Cette distorsion de l’EBITDA est un point crucial à communiquer aux analystes et aux banques, qui utilisent cet indicateur pour valoriser l’entreprise ou évaluer sa capacité de remboursement.
Les Étapes Clés pour une Application Réussie d’IFRS 16
Mettre en œuvre IFRS 16 est un projet qui nécessite méthode et rigueur.
Étape 1 : Inventaire Exhaustif des Contrats
La première étape, et la plus fastidieuse, est de recenser tous les contrats susceptibles de contenir une location. Il faut aller au-delà des contrats intitulés « location » et analyser les contrats de service, de sous-traitance, de logistique…
Étape 2 : Détermination de la Durée de Location
La durée de location n’est pas toujours la durée initiale non résiliable du contrat. Il faut intégrer les options de prolongation si leur exercice est « raisonnablement certain ». Cette évaluation requiert un jugement significatif de la part de la direction.
Étape 3 : Calcul de la Dette Locative
C’est le calcul actuariel. Il faut déterminer les paiements de loyers à inclure (loyers fixes, loyers variables indexés, etc.) et les actualiser. Le choix du taux d’actualisation est critique. L’entreprise doit utiliser le taux d’intérêt implicite du contrat si possible, ou, à défaut, son taux d’emprunt marginal (le taux qu’elle paierait pour emprunter sur une durée et avec une garantie similaires).

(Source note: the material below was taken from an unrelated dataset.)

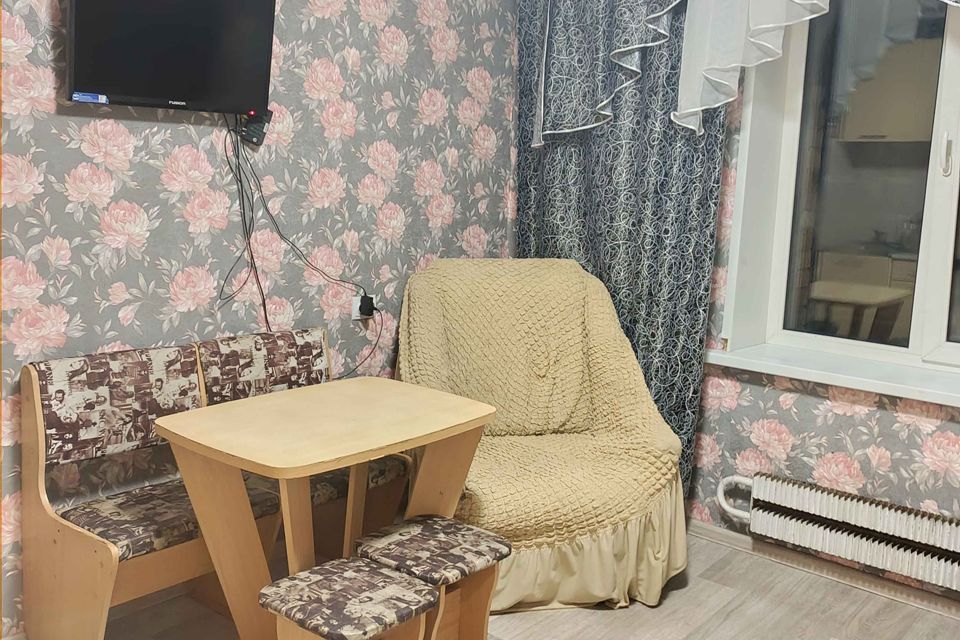Продаётся 1-комнатная квартира, 34 м²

Étape 4 : Comptabilisation et Suivi
Une fois le droit d’utilisation et la dette locative initialement comptabilisés, il faut les suivre dans le temps :
- Amortir l’actif de droit d’utilisation.
- Augmenter la dette locative des intérêts courus et la diminuer des loyers payés.
- Réévaluer la dette en cas de modification du contrat ou de changement dans l’indexation des loyers.
IFRS 16 est bien plus qu’une simple modification technique. C’est une norme qui apporte une plus grande transparence sur les engagements réels d’une entreprise. Sa maîtrise est devenue indispensable pour tout professionnel de la finance souhaitant produire un reporting fiable et pertinent.